This Week in Lincolnville: The Kids Are Alright

Sun, 04/07/2024 - 4:00pm

    So a thing happened this week that I don’t want to give anymore attention to, so I won’t. April snow has been known to happen, but it is over and melting, and hopefully everyone has their power back.

    My lovely wife had the opportunity to work in New Jersey last week, which left me alone with the small pack of adolescents who inhabit this house with us. For those of you who have young adolescents, or did at one time, you know the joy that goes with kids who are involved in many activities, but are not yet licensed drivers.

    Which I guess brings me to what I do think I will talk about today, how the activities our kids are involved with interact with these tiny computers most of us carry on our person at all times. There is a lot of noise about how all kids do these days is stare at their phone. There is some legitimacy to these concerns, but it is also true of many adults. And I generally don’t agree that is fair or true.

    Kids are still doing stuff in this community. In the summer they are gathered at the beaches, meet ups made so much easier by those phones they all carry. Getting together at the Snow Bowl, trips to the movie theater, fishing trips, cruising around town on their bikes. All the stuff I did when I was young is still happening. 

    Cell phones were the things of science fiction when I was a kid, but I see the benefits that come with all the draw backs. For one, I always can figure out where my kids are, and a text is much more effective and conveys more information than that bell my Ma used to ring. I have one kid who has a tendency to take off on his bike whenever he is bored and the weather permits, and I can track him down. It is so much easier for us parents to coordinate rides for our kids, even when they just told you they have to do something five minutes before it happens.

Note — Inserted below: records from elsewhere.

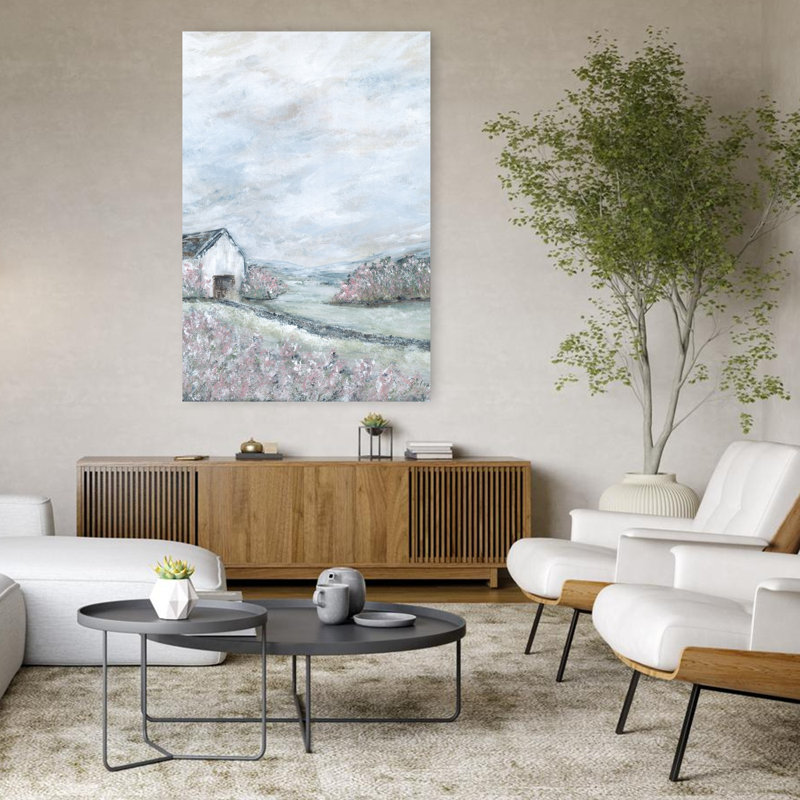 Été, abstrait, paysage contemporain, architecture, art, H 48 po x l 32 po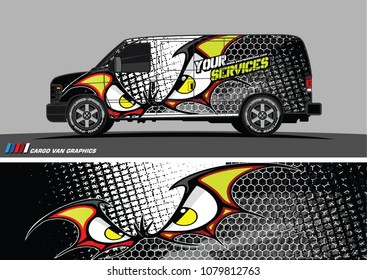 Van Graphic vector. abstract cartoon eyes in bat wing shape with camouflage background
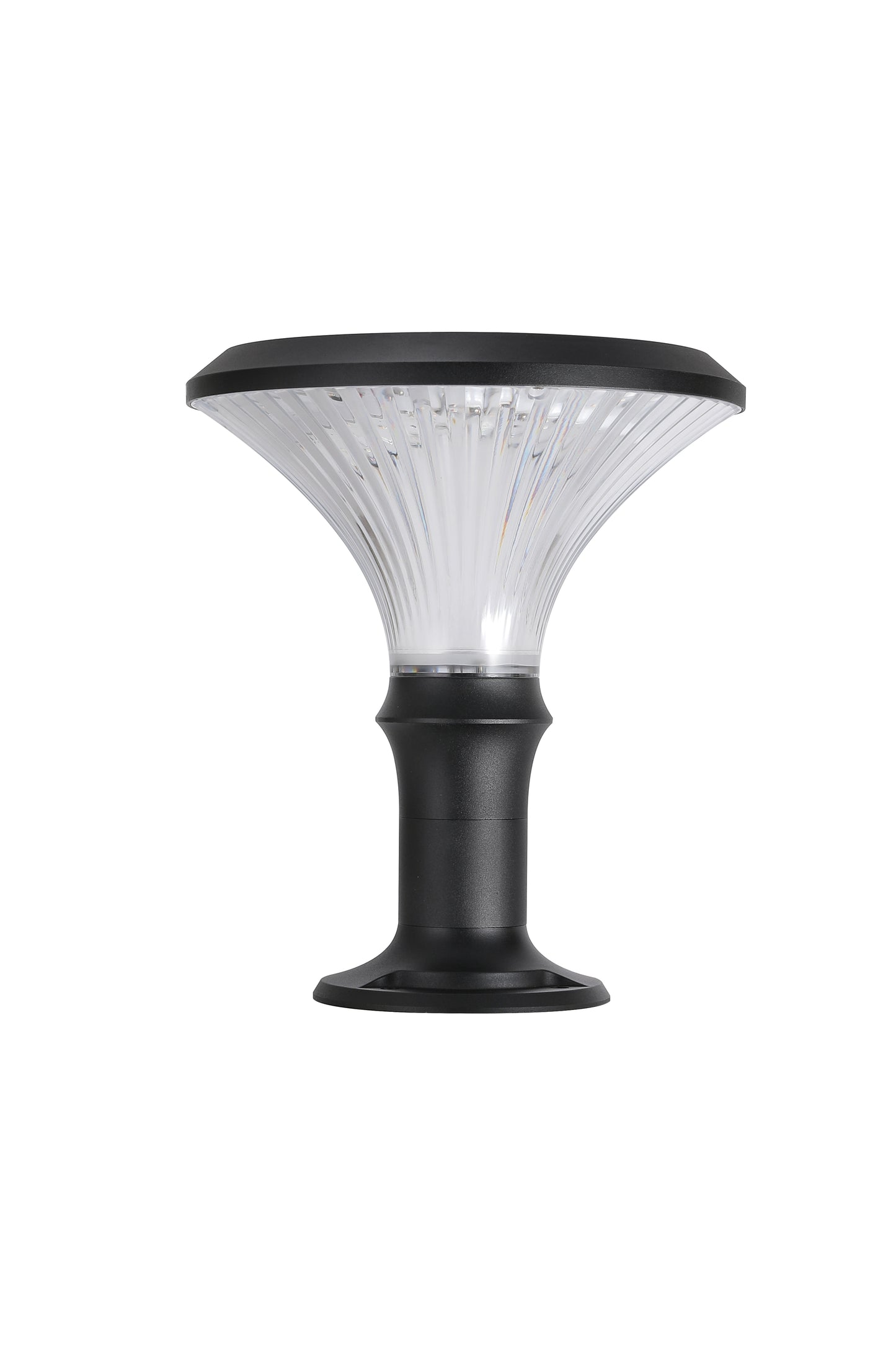 ZTD3002 solar pillar light switch and top rim detail with ribbed transparent diffuser
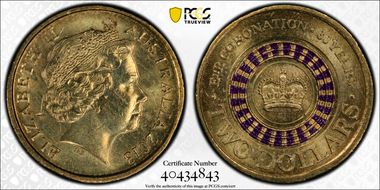 2013 $2 Coronation Colorized MS64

    In my own life, my three kids seem to constantly have something going on. Sports, Scouts, music lessons, theater. And they are mixed between two schools in two towns. I remember relying on the old pay phone in the lobby of the old Camden Rockport High School, and hoping someone was by the landline. Of course this meant we could get away with a lot more back then.

    We got our kids cell phones upon entering the sixth grade. Have there been issues with them? Of course. And there are sound arguments that this is perhaps too young, but heck, we all have to parent our own way. By this time all three had demonstrated the responsibility to be home alone, and my wife and I are working full time. Pick ups need to be arranged, chore reminders often come via text. And it is so much easier to share words of encouragement and support, photos and jokes.

    There is always the worry of cyberbullying, inappropriate conversations, and many of the other scary things that our extremely online society presents. But this is the world that they live in. It is different, but most of it is so much similar to the world I grew up in, as my childhood was both different and similar to that of my parents. And it is so much easier to help a 12 year old learn to navigate these challenges than an 18 year old.

    And as I am sure I have said here before, I think the kids are alright. Or they will be. It is up to the parents and the community to support and guide them, in any way they let us. The same increased communication that the kids have is also there for the parents. And we talk. Like when I was a kid and an adult in the community saw my friends and I doing something stupid and told my folks — that is so much easier now.

    So there is good and bad being a kid in the 2020s, same as being a kid in the1980s, or the 1950s, and all the way back through time. If you know the story of the Ancient Greek philosopher Socrates, well… We worry, we are parents.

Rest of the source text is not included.